Depois de um mês numa Europa cada vez menos oriental, o que se vê nas velozes avenidas e grandes praças da Rússia são os sinais de que sim, você está num BRIC, um país prometido. Guardadores de carro ajudando a manobrar Audis e seguranças de terno deixando entrar apenas as pessoas certas nos GUMs e TSuMs, antigos postos de distribuição comunistas transformados em shoppings reluzentes (não, essa primeira foto na Praça Vermelha não é de um prédio público), nos dão a certeza de que a economia de mercado está mudando a vida desse povo tão reprimido.
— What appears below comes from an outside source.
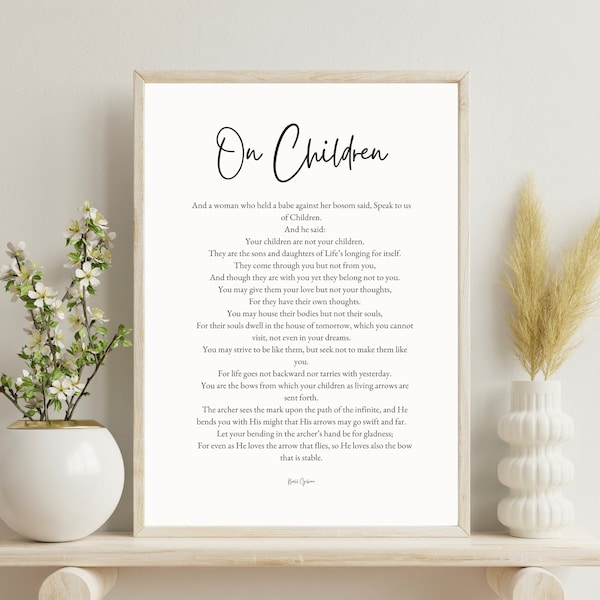 Printable Poem on Children Kahlil Gibran - Etsy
E embora meu Lonely Planet enfatize não poucas vezes que entrar nesses lugares é uma boa forma de acabar com a imagem dos russos fazendo fila para receber pão e manteiga, fica claro o erro de metodologia - falta o grupo de controle, quer dizer, na Nova Rússia ninguém está distribuindo nem pão nem manteiga. Compreende-se a ausência da fila.

Outra novidade de cruzar esse novo Muro da União Européia é encontrar sem querer um país com uma vida própria, quer dizer, onde os turistas devem integrar-se ao modo russo, e não o contrário. Isso dificulta a vida. Ao contrário do que acontece em Estônia, República Tcheca ou Croácia, não dá pra simplesmente pedir informação em inglês a qualquer transeunte, sem aprender nem o equivalente local de Vi gavarite pa angliski?. Eles não só não falam inglês (incluindo a New Generation que só se veste em inglês) como não fazem esforço nenhum pra te ajudar.

Quer dizer, aqui preciso fazer uma distinção que diz muito sobre quem são os russos e até pode ajudar a lê-los no futuro. Talvez por resquício de outros tempos que daqui procuramos esquecer e fazer com que eles esqueçam, um russo do qual você tente comprar uma mercadoria nunca vai se mover um milímetro além do necessário, e inclusive chegamos a nos perguntar quem, afinal de contas, é o interessado na transação. Não deveria ser o vendedor? - e isso mesmo quando estamos comprando algo que nos interessa muitíssimo, ou seja, esperamos um comportamento no mínimo de amabilidade forçada, numa palavra a helpfulness, definida na wikipedia como “(1) the property of providing useful assistance, and (2) friendliness evidenced by a kindly and helpful disposition [syn: kindliness]”. Algo entre a utilidade e a amizade.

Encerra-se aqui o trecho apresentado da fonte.